■ **Aim of the exercise**
Set the listing down again in full, word for word, with the pictures left out.

■ **Dataset content**

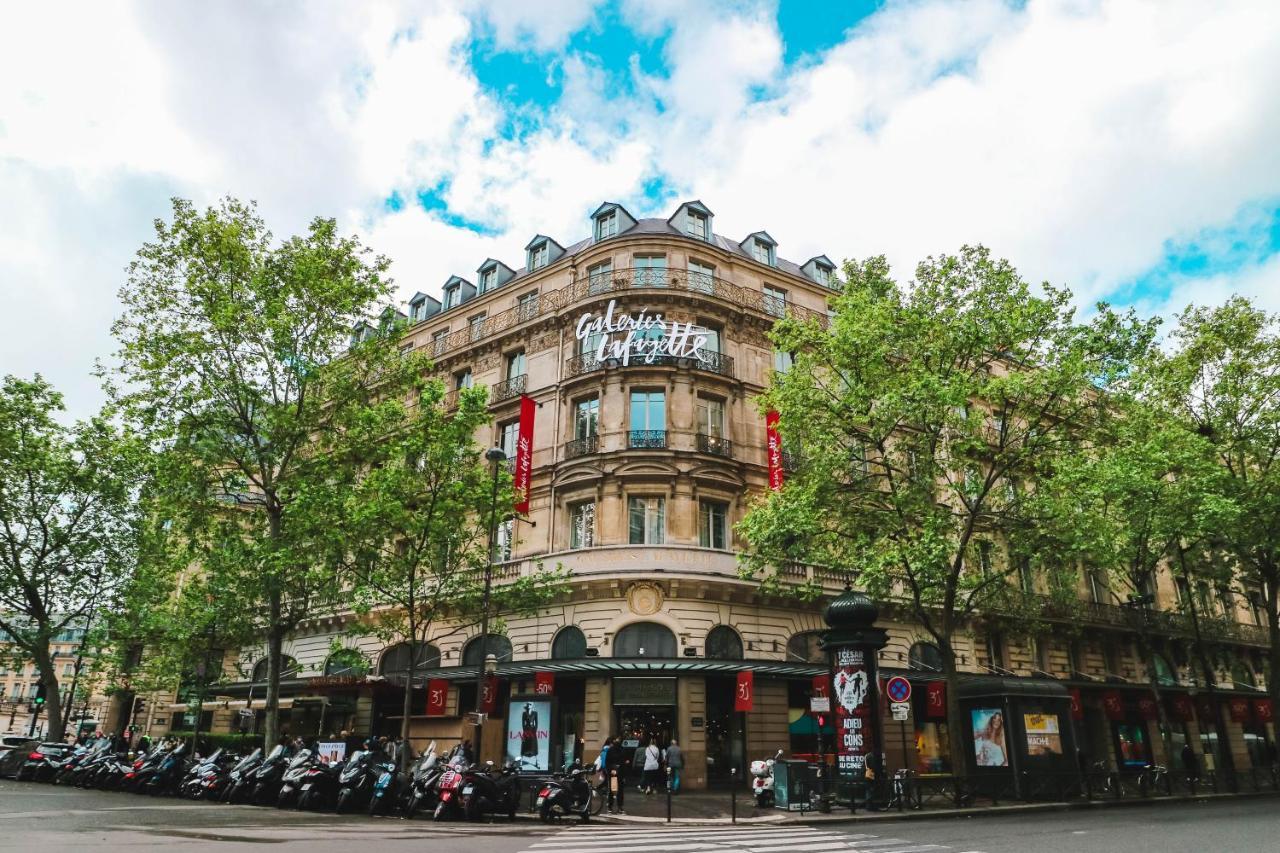 פריז Joli Appartement Haussmannien 1900 Belle Epoque מראה חיצוני תמונה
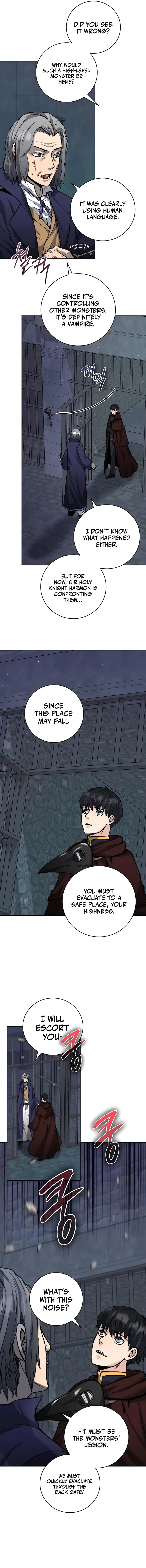 Grandson of the Holy Emperor is a Necromancer Chapter 11 page 8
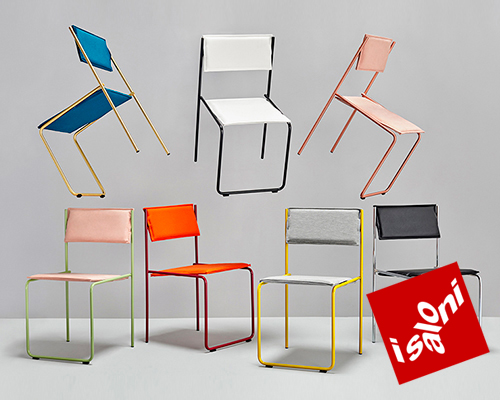 trampolín by cuatro cuatros pays homage to bauhaus chairs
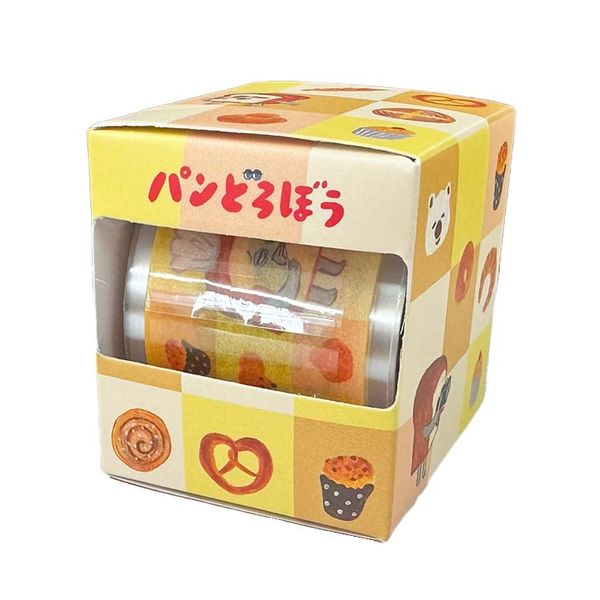 Sunstar Stationery S8592241 Bread Lobby Seal, Case Included, B Pattern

■ **Output below**
 פריז Joli Appartement Haussmannien 1900 Belle Epoque מראה חיצוני תמונה
 Grandson of the Holy Emperor is a Necromancer Chapter 11 page 8
 trampolín by cuatro cuatros pays homage to bauhaus chairs
 Sunstar Stationery S8592241 Bread Lobby Seal, Case Included, B Pattern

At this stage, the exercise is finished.